Three-dimensional vibration analysis of a torus with circular cross section

J Acoust Soc Am. 2002 Dec;112(6):2831-9. doi: 10.1121/1.1509429.

Abstract

The free vibration characteristics of a torus with a circular cross section are studied by using the three-dimensional, small-strain, elasticity theory. A set of three-dimensional orthogonal coordinates system, comprising the polar coordinate (r, theta) at each circular cross section and the circumferential coordinate phi around the ring, is developed. Each of the displacement components u(r), v(theta), and w(phi) in the r, theta, and phi directions, respectively, is taken as a product of the Chebyshev polynomials in the r direction and the trigonometric functions in the theta and phi directions. Eigenfrequencies and vibration mode shapes have been obtained via a three-dimensional displacement-based extremum energy principle.
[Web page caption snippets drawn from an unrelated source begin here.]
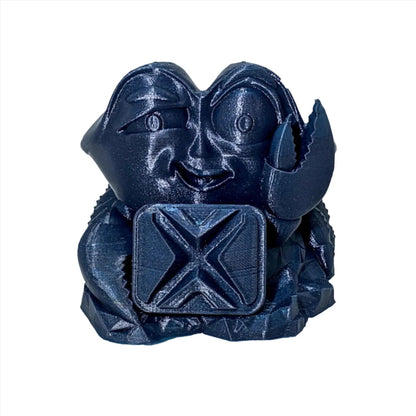 Galaxy Blue PLA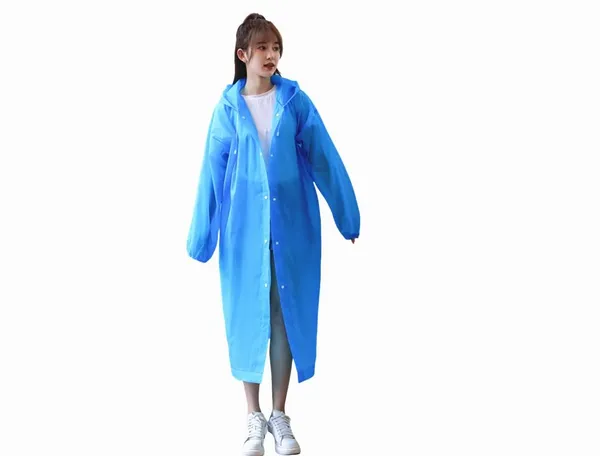 Blue_Transparent_Rain_Coat_Eva_Raincoats_For_Unisex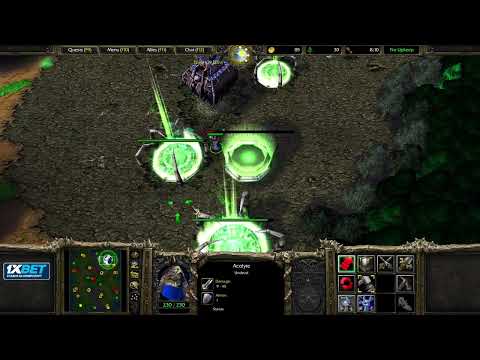 Happy's stream 19th April 2023 Battle.net - w3champions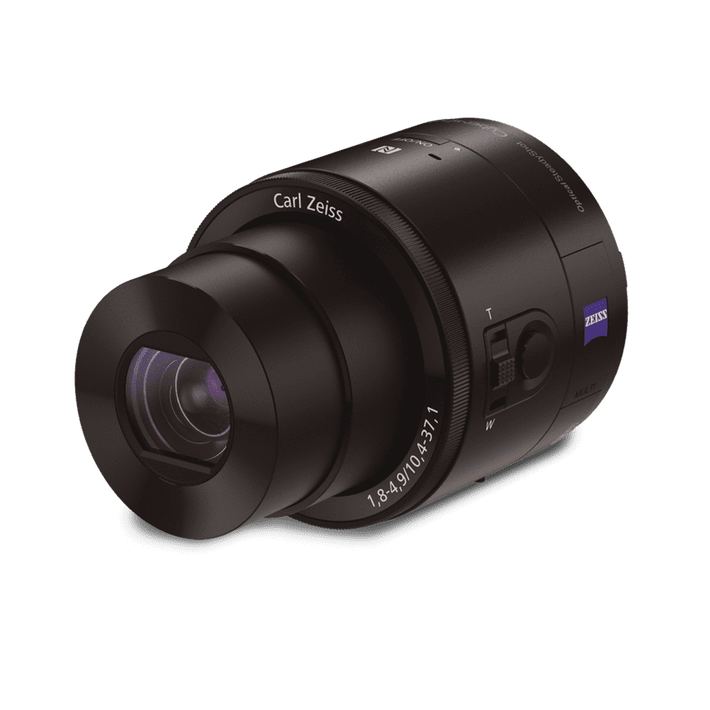 QX100 Lens-Style Camera with 1.0-Type Sensor,  QX100 Lens-Style Camera with 1.0-Type Sensor, , product-image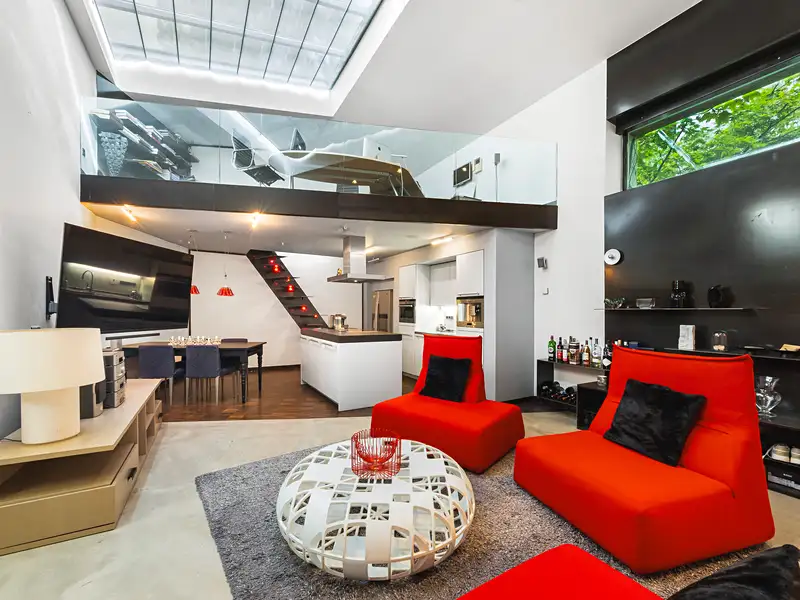 Prodej rodinného domu 93 m², pozemek 167 m², Praha – náhled fotky 1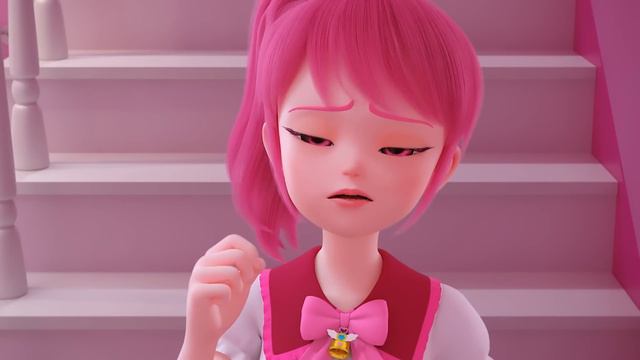 [KidsPang] Catch! Teenieping｜Ep.04: DADAPING, THE SMART ONE 💘 смотреть онлайн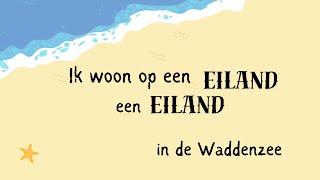 🦭 Op een eiland 😎 [upl. by Denae77]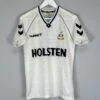 1989/91 TOTTENHAM #8 (GASCOIGNE) HOME SHIRT (S) HUMMEL(1989 91 Tottenham 8 Gascoigne Home Shirt S Hummel) -Cultkits Shop image00028 5b259b8d 8b49 4a21 837a 1853c00f36ff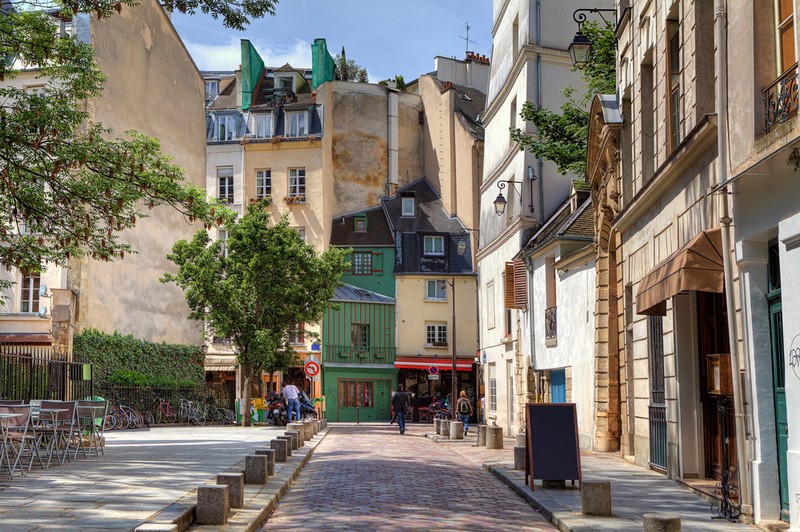 Tạp chí Du lịch Wanderlust Tips 7 cách tuyệt vời để khám phá Paris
Upper bound convergence of the first seven eigenfrequencies accurate to at least six significant figures is obtained by using only a few terms of the admissible functions. The eigenfrequency responses due to variation of the ratio of the radius of the ring centroidal axis to the cross-sectional radius are investigated in detail. Very accurate eigenfrequencies and deformed mode shapes of the three-dimensional vibration are presented. All major modes such as flexural thickness-shear modes, in-plane stretching modes, and torsional modes are included in the analysis. The results may serve as a benchmark reference for validating other computational techniques for the problem.